Breakfast in the Catskills was bountiful. If the hotel was kosher it combined the menu of a Second Avenue dairy restaurant with the display case of a King’s Highway Brooklyn bakery. Juices, fruits, sour cream, cottage pot and farmer cheese, blintzes, all manner of eggs, cereals hot and cold, lox, herring in cream or wine sauce, smoked whitefish, cod and kippers. Fresh baked onion rolls, poppy seed rolls, caraway crescents, fruit Danishes, coffee cakes, and last night’s left over strudel. If the hotel wasn’t Kosher – and the one I worked in wasn’t – then there was the gift of the forbidden animal; bacon and ham.
My mother prepared us breakfast every day of the week because she was
not about to send us off to school on an empty stomach. Yet the only
day I really remember eating breakfast was on Saturday. Not because she
cooked an elaborate spread, but because we were left to fend for
ourselves. It was the one morning my parents slept in – probably only
to about 8 or 9, but it seemed like all morning and it was a thrill to be without parental supervision in the dining room. My siblings and I weren’t what
you’d call “skilled” in the culinary arts, but we were quite capable of
pouring a bowl cereal…and that’s where the trouble started.

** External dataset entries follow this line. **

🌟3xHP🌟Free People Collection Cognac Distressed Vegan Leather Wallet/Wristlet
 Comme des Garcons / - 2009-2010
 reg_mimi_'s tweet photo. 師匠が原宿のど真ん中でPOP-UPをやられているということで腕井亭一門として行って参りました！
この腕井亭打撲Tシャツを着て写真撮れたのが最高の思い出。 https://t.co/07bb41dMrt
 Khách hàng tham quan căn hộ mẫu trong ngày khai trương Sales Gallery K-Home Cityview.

These were the days before whole grains, when cereal was “crack” for kids, so filled with sugar one bowl probably exceeded your daily nutritional requirements for carbohydrates. There was no fiber to be found and we LOVED it. While in grammar school, we were allowed to “request” our favorite brand, but my mother had a strict food budget, so we never knew what we were actually going to find in the cupboard. If your choice was on sale, then it was your lucky week and the world was your oyster.